Les Israéliens ont prêté la main à l’assassinat de soldats français
Le 6 novembre 2004, cette implication éclate au grand jour lorsque l’aviation progouvernementale bombarde une position française à Bouaké, tuant neuf soldats de l’opération « Licorne ». Paris découvre que des avions sans pilote israéliens ont survolé le secteur peu de temps avant l’attaque. La France demande alors des comptes à l’État hébreu et exige qu’il cesse son assistance militaire à Laurent Gbagbo. Entre-temps, l’homme d’affaires Moshe Rothschild, principal acteur des ventes d’armes à la Côte d’Ivoire, a déjà monté sur place plusieurs entreprises et décroche des projets liés au développement d’infrastructures civiles. À la fin du mois de juillet dernier, c’est Ehoud Olmert en personne qui s’est rendu à Yamoussoukro, pour une visite restée plus que discrète. Organisé par l’ancien ambassadeur israélien en Côte d’Ivoire, Daniel Kedem, le déplacement de l’ex-Premier ministre était lié à des affaires sécuritaires, telles que la mise en place d’un Shin Bet ivoirien pour renforcer la sécurité autour de Gbagbo et surveiller certains éléments hostiles de l’armée ivoirienne. Les Israéliens, en effet, via la société privée Omega, appuient et forment les services ivoiriens, ainsi que la garde présidentielle.

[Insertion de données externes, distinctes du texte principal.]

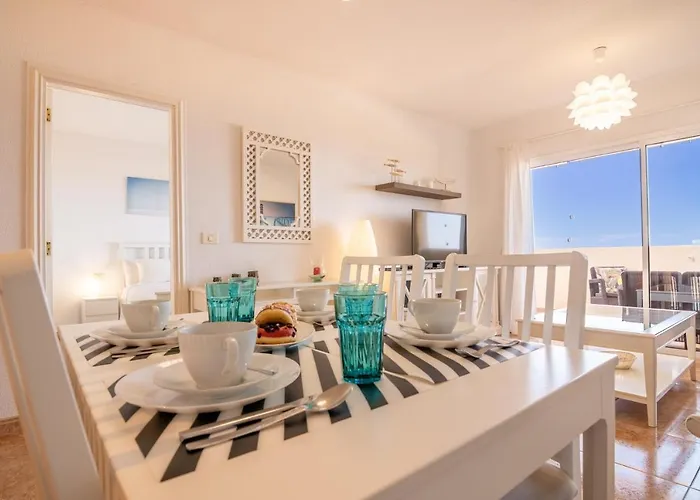 Roque Del Conde Seaview 아파트 아데제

« Les Israéliens sont derrière tous les conflits en Afrique », s’écriait en août 2009 le colonel Kaddafi, en marge d’un sommet de l’Union africaine, à Tripoli. La réalité est autrement plus subtile. Très réactives, habituées aux situations de crise, les entreprises israéliennes sont souvent les premières à proposer leurs services à des pays en guerre : conseil militaire, soutien logistique et armement. Avec seulement neuf ambassades en Afrique, l’État hébreu est contraint de recourir au secteur privé pour exister sur ce continent.